In3+-doping and oxygen vacancies co-engineering active sites of Bi2WO6 hollow nanospheres to achieve efficient photoreduction of CO2 to CO with nearly 100 % selectivity

Abstract

Photocatalytic reduction of CO₂ into renewable fuels has been received as one of the most promising technologies to alleviate the problems of greenhouse effect and energy crisis; however, achieving the efficient conversion of CO₂ selectively into a single product remains a significant challenge.

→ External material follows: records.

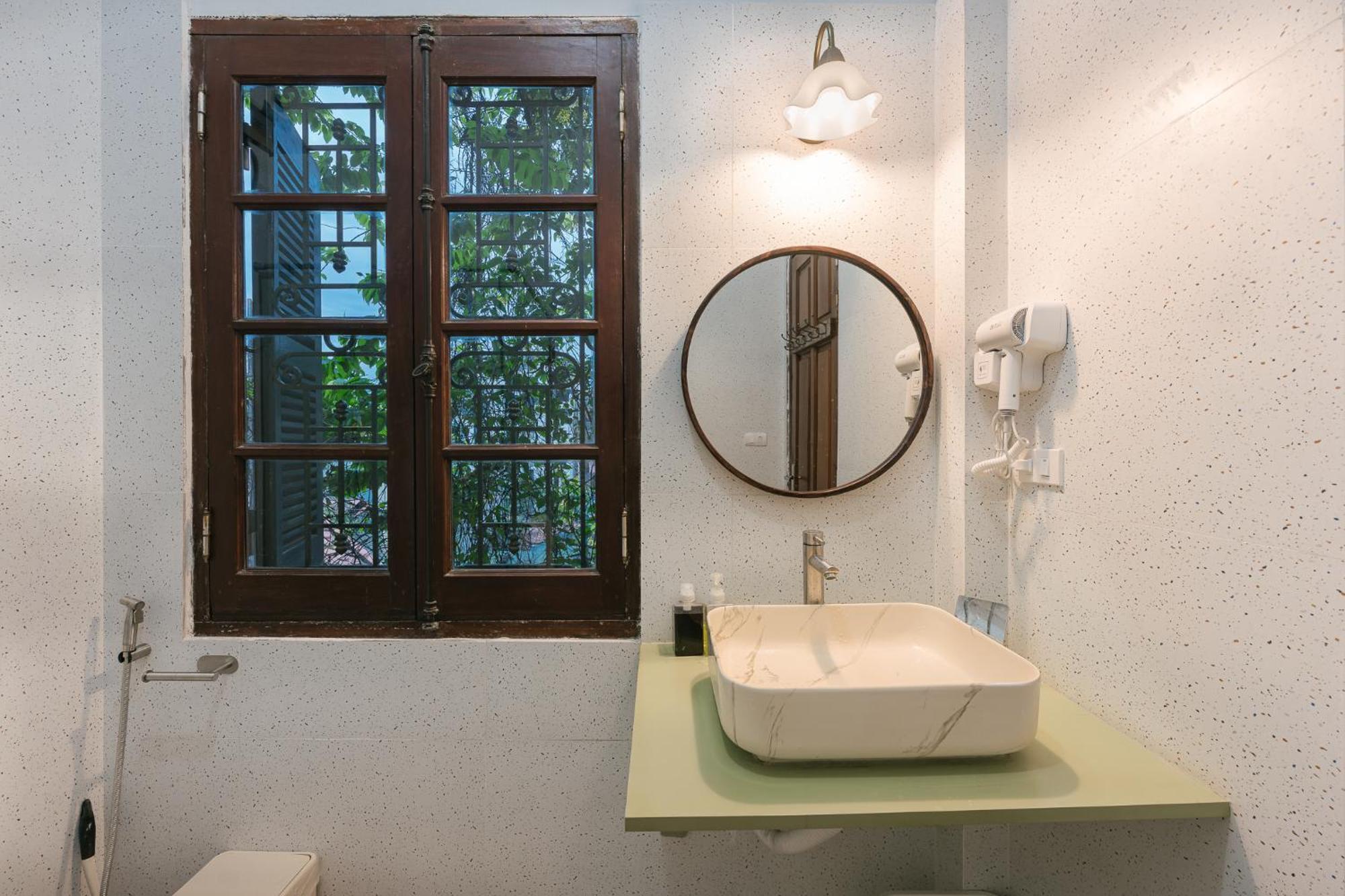 Pentstudio With Garden, View 5mins To Old Quater Guest house Hanoi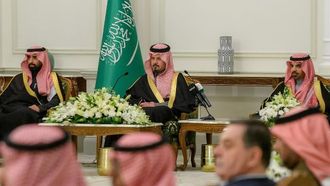 إطلاق جولة المحتوى المحلي في المدينة المنورة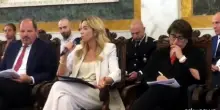 Salis: resto sindaca di Genova senza sottrarmi a dibattito nazionale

In this study, we report that In³⁺-doping and oxygen vacancies co-engineer the active sites of the Bi₂WO₆ (BWO) photocatalyst to achieve efficient photoreduction of CO₂ selectively into CO. Novel In³⁺-doped BWO hollow nanospheres with abundant oxygen vacancies have been hydrothermally prepared by using ethylene glycol (EG) as the solvent. Comprehensive experimental and theoretical studies demonstrate that the In³⁺ doping and oxygen vacancies synergistically lead to the formation of coordination-unsaturated Bi active sites, enhance the CO₂ adsorption on the photocatalyst, promote the electron transfer from the photocatalyst to CO₂, and lower the energy barriers of CO₂ photoreduction; moreover, mixed defect states are introduced within the bandgap, which expand the light absorption range, promote the separation of photocarriers and prolong their lifetime. These factors collectively endow the photocatalyst with excellent CO₂ photoreduction performance. The optimal In_0.075BWO-EG results in the CO yield rate as high as 95.6 μmol g⁻¹h⁻¹ with 99.7 % selectivity, which is superior to that of other reported BWO-based photocatalysts. This research offers an important strategy and understanding for improving the CO₂ photoreduction performance of photocatalysts.